CONSUMER PROTECTION: NORTH MACEDONIAN LEGISLATION IN RELATION TO THE EUROPEAN UNION ACQUIS
Faton SHABANI
Abstract
Consumer protection itself comprises a set of legal rules and practices designed to protect buyers of goods/services from unfair, fraudulent or deceptive business practices. It aims to provide certainty, to ensure that consumers are treated fairly so that they can make informed decisions by promoting a secure environment that offers effective legal redress for harm caused by defective products/services or, in the last resort, by unfair conduct. Consumer protection has the main objective of enabling consumers to make well-informed decisions about their choices and to have easier access to effective redress mechanisms, which in turn pushes businesses to guarantee the quality of the products and services they offer. The European Union (EU) has consumer protection as one of its cornerstones, as laid down in the Treaty on the Functioning of the European Union (TFEU) from 1957 (1 December 2009 under its current name), while the Modernisation Directive (2019) recently amended four existing consumer law directives. It aimed at strengthening the enforcement of EU consumer protection rules and updated rules in line with the development of digitalisation.

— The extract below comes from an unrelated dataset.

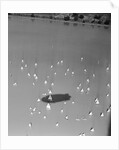 Blimp Shadow Over Regatta by Anonymous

In North Macedonia, a new Law on Consumer Protection was adopted and entered into force in 2022. The new Law, which is fully harmonized with EU directives, regulates the provisions that enable the implementation of European law in the field of consumer protection, while at the same time containing more clearly defined obligations that traders and legal entities must fulfill towards consumers. In addition, North Macedonia adopts a new consumer protection program every other year. It recognises the need to strengthen its human resources and capacities in many of the relevant bodies, as well as to improve coordination between these bodies, in order to be able to fully implement the EU acquis. The author, through the relevant methodology, analyzed the EU system and that of North Macedonia, their comparison, as well as the historical aspect of the development of consumer protection law but also the perspective that is appearing on the horizon. The findings from the research in question provide results according to which the country has been moving in the assessment in recent years: from some progress to limited progress.